Расплата (Тендряков) - страница 31

— Так что с этой вазой?

— Столкнул он ее, а я ойкнула, не удержалась. «Ах, жаль тебе!..» И набросился, а тут Колька… Колюха давно уже стал встревать промеж нами…

— Он стращал отца, что убьет?

Анна не ответила, уставилась в пол, мертвенная бледность отчетливей означила морщинки на усохшем лице.

— Говорите все как есть, — строго приказал Сулимов.

— Стращал.

— Вы этому верили?

— Да кто такому в полную-то силу поверит?

— Хорошо, продолжайте.

— И продолжать нечего. Колька кричит, он рычит, Кольку отталкивает, ко мне рвется. Ударил он меня так, что с ног… Пока очухалась, вдруг слышу… Вскочила я, смотрю — он валится да плашмя на пол. А Колька в руках ружье держит, из стволов-то дым идет, и вонь от этого дыма по всей комнате. Лицо Коли словно из мела, одни глазища… Дальше уж не помню, как из рук его ружье вырвала. Опомнилась — бегу с этим ружьем по городу…

— Так в чем же вы тут себя считаете виновной?

— Все из-за меня. Не я б, ружье это никогда не выстрелило.

— Да разве вы толкали сына к ружью? Не хотели того, не выдумывайте!

— Хотела не хотела, а все делала, чтобы сын отца убил.

Анна Корякина сказала это столь твердо, что даже на ее лице проступила ожесточенность.

— Все делали?
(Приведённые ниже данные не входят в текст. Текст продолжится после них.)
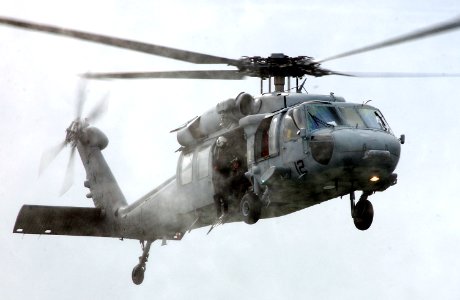 US Navy 050413-N-7615S-036 Search and rescue swimmers, assigned to Helicopter Sea Combat Support Squadron Three (HSC-3), prepare to jump out of an MH-60S Seahawk helicopter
Что именно?

— Ужас берет, когда теперь оглядываюсь… Не замечала прежде — была злодейкой, право. Да чего же добивалась я, дура тупоумная! Чтоб сын вместе со мной страдал! Стонала не переставая, слезы лила, из кожи лезла себя несчастной показать… И видела, видела — жалеет, весь исстрадался парень, невмоготу ему, а мне все мало, мне от него большей жалости хочется, никак не уймусь, разжигаю… Зачем, спросите? Оно понятно зачем. После мордобоев да ругани изо дня-то в день кому не захочется утешиться. От чужих людей утешение дешево, стороннее оно, а вот от сына родного — вроде живой воды. Муж лютует — сын весь исходится, а мне приятно, сладко так, не насытюсь, еще, еще!.. Даже, поверите ли, ждала — о-ох! — даже с нетерпением, чтоб Рафашка зверем ввалился да набросился. Он изобьет, а сын показнится за мать родную… Радовалась тишком, что ненавидит Колька отца лютой ненавистью. Раз его ненавидит, значит, меня любит! Радо-ва-лась! Ну не подлая ли?..

— Кто упрекнет вас за это? — выдавил из себя Сулимов.

— Кто-о? Да вы! Да неужель понять не в силах, кто в смерти повинен? Неужель не видно, кто подстроил убийство? Что из того, что Колька ружье в руках держал, — всунула-то ему его я! Я его руками курки спустила! Я! Не смейте не верить! И думаете, не чуяла, что к дурному идет? Чуяла! Иной раз опомнюсь — и дух захватит, отказаться уже не могла. Как Рафашка без водки, так и я без Колюхиных страданий не жилица! Отравилась вконец, ими только и держалась. День пройдет спокойно, а мне уж и не по себе — умираю… О-о-о! — Анна застонала. — Тащила, подлая, своими руками родного сына к погибели тащила! И по совести и по закону — кругом виновата!